Saudi chemist and geologist (1939–2025)

Abdullah Omar Nasseef (عبد الله بن عمر نصيف; 5 July 1939 – 12 October 2025) was a Saudi chemist and geologist. He served as Chief Scout of the Saudi Arabian Boy Scouts Association, which he joined in 1956.

== Early life and education ==
Nasseef was born in Jeddah on 5 July 1939. He had a PhD degree from Leeds University in the United Kingdom.

== Career ==
Nasseef was a professor at King Abdulaziz University in Jeddah.
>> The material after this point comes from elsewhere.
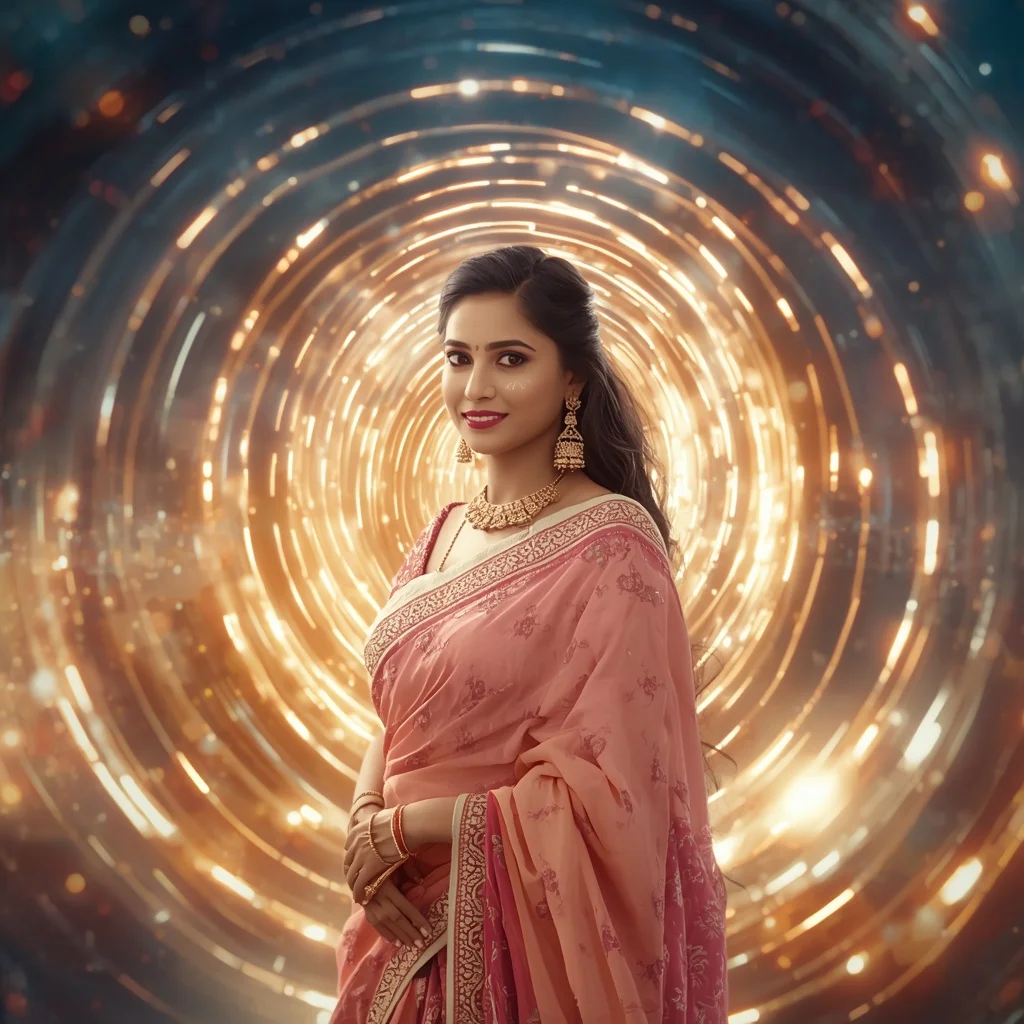 Festive Pastel Saree Infinite Light Orbit Celestial Kingdom Collage Premium Cinematic | Attitude Girl Prompt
He was chairman of the World Muslim Congress, chairman of the founding board of Sahm Al-Nour Trust, and Secretary General of Muslim World League from 1983 to 1993. He served as vice-president of the Consultative Assembly of Saudi Arabia, President of King Abdul Aziz University, and Secretary-General of the International Islamic Council for Da'wah and Relief (IICDR).

== Death ==
Nasseef died on 12 October 2025, at the age of 86.

== Awards and recognitions ==
In 1983 Nasseef was awarded the Bronze Wolf, the only distinction of the World Organization of the Scout Movement, awarded by the World Scout Committee for exceptional services to world Scouting.

Dr. Naseef was also awarded with the King Faisal Prize for Service to Islam in 1991 and the King Abdulaziz Medal of the First Class in 2004.